EXERCISE BRIEF: Please give back the listing below word for word and drop any images.
### INFORMATION ###
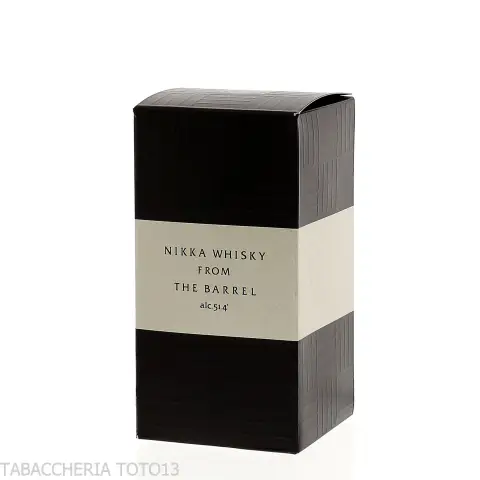 Nikka From The Barrel Vol.51,4% Cl.50 - Licores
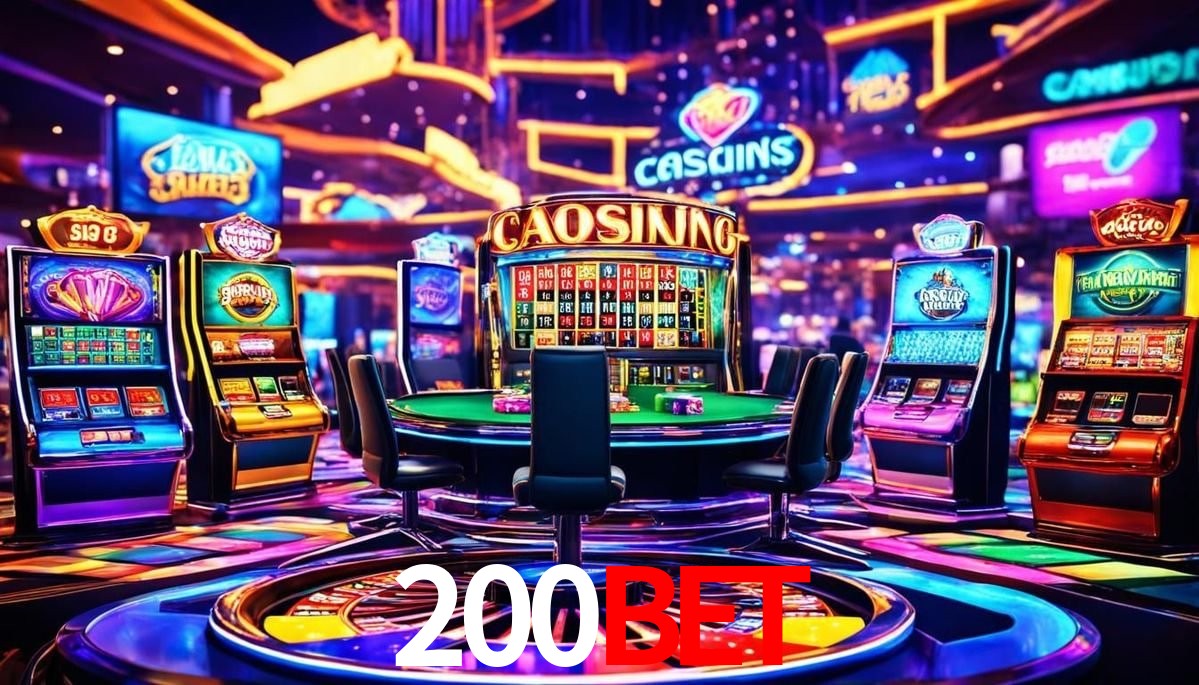 Diretório de Jogos 200bet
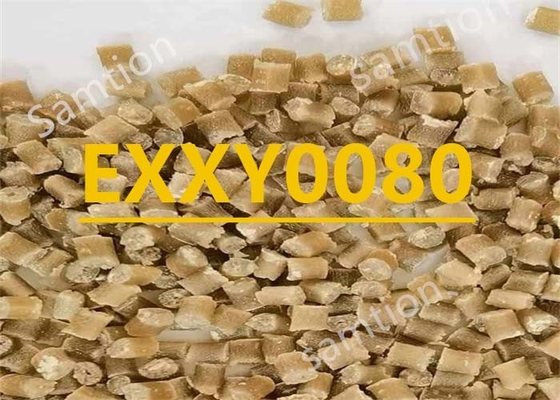 Xenoy EXXY0080 is een versterkte, hoge hitte, zeer lage CTE, PC+PET mengsel met een zeer hoge stijfheid -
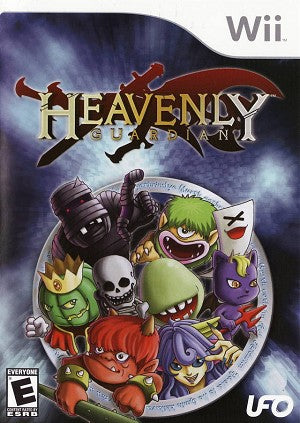 Heavenly Guardian - Nintendo Wii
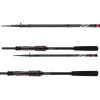 Daiwa Ninja X-Compact Spin 2,45m 15-50gr Teleszkópos Pergető Bot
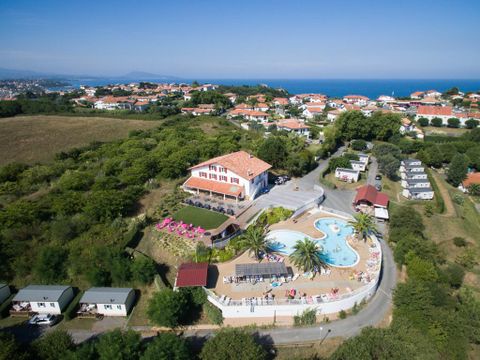 Camping Sea Green Erreka - Camping Pyrénées-Atlantiques - Afbeelding N°5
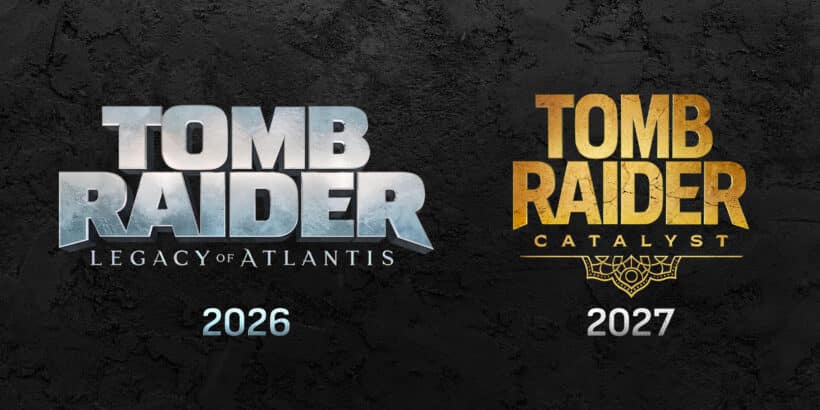 Tomb Raider Game Awards 2025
###
RESPONSE TO THE EXERCISE:
 Nikka From The Barrel Vol.51,4% Cl.50 - Licores
 Diretório de Jogos 200bet
 Xenoy EXXY0080 is een versterkte, hoge hitte, zeer lage CTE, PC+PET mengsel met een zeer hoge stijfheid -
 Heavenly Guardian - Nintendo Wii
 Daiwa Ninja X-Compact Spin 2,45m 15-50gr Teleszkópos Pergető Bot
 Camping Sea Green Erreka - Camping Pyrénées-Atlantiques - Afbeelding N°5
 Tomb Raider Game Awards 2025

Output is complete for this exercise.